SITCOM: Scaling Inference-Time COMpute for VLAs¶

Conference: NeurIPS 2025 arXiv: 2510.04041 Code: N/A Area: Multimodal VLM Keywords: Inference-time compute scaling, VLA, world model, model predictive control, robotic manipulation

TL;DR¶

SITCOM proposes an inference-time compute scaling framework inspired by Model Predictive Control (MPC). It performs multi-step rollout simulation of a pretrained VLA using a learned dynamics model and selects optimal trajectories via a reward model, transforming a single-step VLA into a robust long-horizon planner. On the SIMPLER benchmark, it improves task success rate from 48% to 72%.

Background & Motivation¶

Robot learning has long been constrained by three core challenges: the high cost of acquiring annotated data, limited generalization, and difficulty in long-horizon planning. Vision-Language-Action (VLA) models have made notable progress by grounding natural language instructions into control commands, yet they face critical limitations in real-world deployment:

Lack of lookahead: VLAs are inherently single-step predictors and cannot evaluate the long-term consequences of actions.

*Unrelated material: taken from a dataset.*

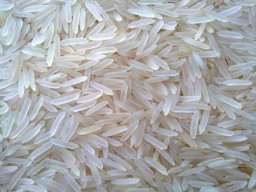 RIZ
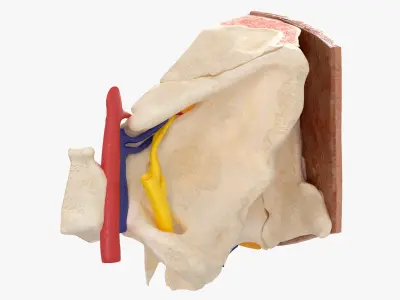  Human Eye Anatomy Cross Section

Accumulated errors: In open-loop execution, small errors compound across steps, causing failures in multi-step tasks.

Poor adaptability to dynamic environments: Plans cannot be adjusted in response to environmental changes during execution.

Existing solutions either train explicit reasoning via chain-of-thought (CoT) data—which requires expensive annotation—or employ world models that are often computationally expensive and task-specific.

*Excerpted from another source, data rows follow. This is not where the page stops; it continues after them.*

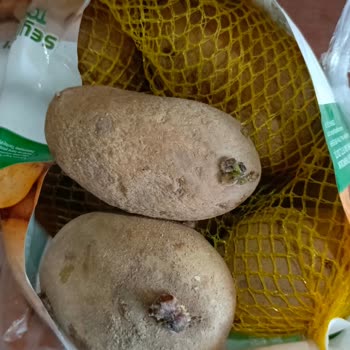 Migros Sanal Market'te Çürük Patates Ve Bozuk Ürünler Nedeniyle Güven Kaybı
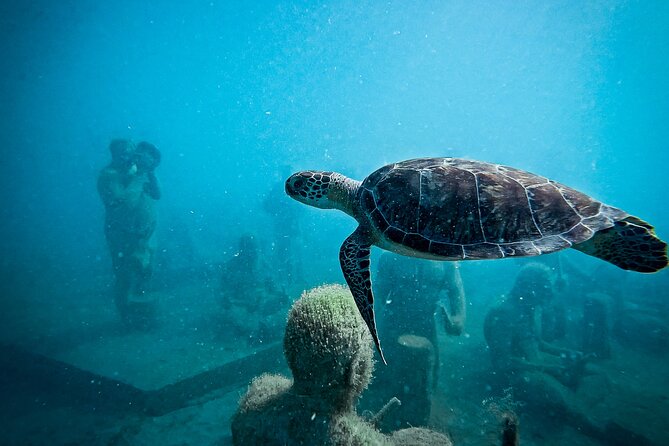 The Original Underwater Sculpture Park Snorkel Tour - Who Is This Tour Best For?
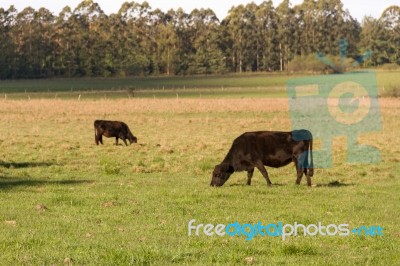 Cows Grazing In The Green Argentine Countryside Stock Photo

Key Insight: SITCOM transfers the concept of inference-time compute scaling from language models to robot control. Rather than modifying the training paradigm, it "thinks more" at inference time through parallel rollouts and reward-based ranking before acting—analogous to MPC: lookahead simulation, evaluation, and selection at each decision step.

Method¶

Overall Architecture¶

SITCOM's inference pipeline: 1. Candidate generation: At each decision step, \(n\) candidate actions are sampled from the VLA policy with a high sampling temperature. 2. Rollout simulation: For each candidate action, a dynamics model predicts the next-state image; the VLA then samples a subsequent action from that predicted image, iterating for \(l\) steps to generate complete trajectories. 3. Reward evaluation: A reward is computed for the final state of each trajectory, incorporating gripper-object distance, object-target distance, and a grasp success indicator. 4. Trajectory selection and execution: The action sequence from the highest-reward trajectory is executed in the real environment. 5. Repetition: The loop continues at the environment's replanning frequency until task completion.

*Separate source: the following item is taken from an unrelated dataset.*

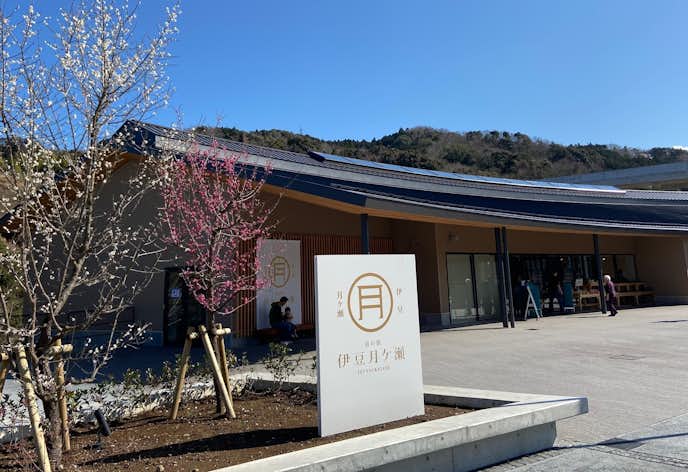 静岡県のおすすめ観光スポットは道の駅伊豆月ケ瀬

Two rollout modes are provided: - SITCOM (EnvSim): Oracle rollouts using environment instances (serves as an upper bound). - SITCOM (Dynamics): Rollouts using the learned dynamics model (the practically deployable variant).

Key Designs¶

Transformer dynamics model: An encoder-decoder architecture is adopted. The encoder processes image patches concatenated with action information; the decoder predicts patches of the next frame. Joint training uses an \(L_1\) pixel loss and LPIPS perceptual loss to balance low-level accuracy with high-level visual coherence. A two-stage training strategy is employed: (1) pretraining on approximately 25,000 BridgeV2 trajectories to learn general dynamics; (2) fine-tuning on SIMPLER environment trajectories to adapt to target environment visuals and physics, bridging the Real2Sim gap.
DAgger-style adaptation strategy: A model trained only on single-step prediction performs well for one step but suffers severe object reconstruction degradation during multi-step rollouts due to compounding errors. Inspired by DAgger, the model is trained to predict from its own previous predictions rather than always from ground-truth observations, aligning the training distribution with the autoregressive inference distribution and substantially reducing prediction drift in long-horizon rollouts.
VLA fine-tuning: As no public expert data exists for the SIMPLER environment, approximately 100 expert trajectories are curated: the pretrained model generates trajectories, heuristic rules filter successful executions, and human review ensures high quality. Standard cross-entropy loss is used to fine-tune the discretized action tokens.

Loss & Training¶

The dynamics model employs a composite \(L_1\) + LPIPS loss: \(L_1\) ensures pixel-level accuracy, while LPIPS ensures perceptual visual fidelity. The reward comprises three signals: gripper-object clearance (guiding approach), object-target distance (guiding placement), and a grasp success indicator.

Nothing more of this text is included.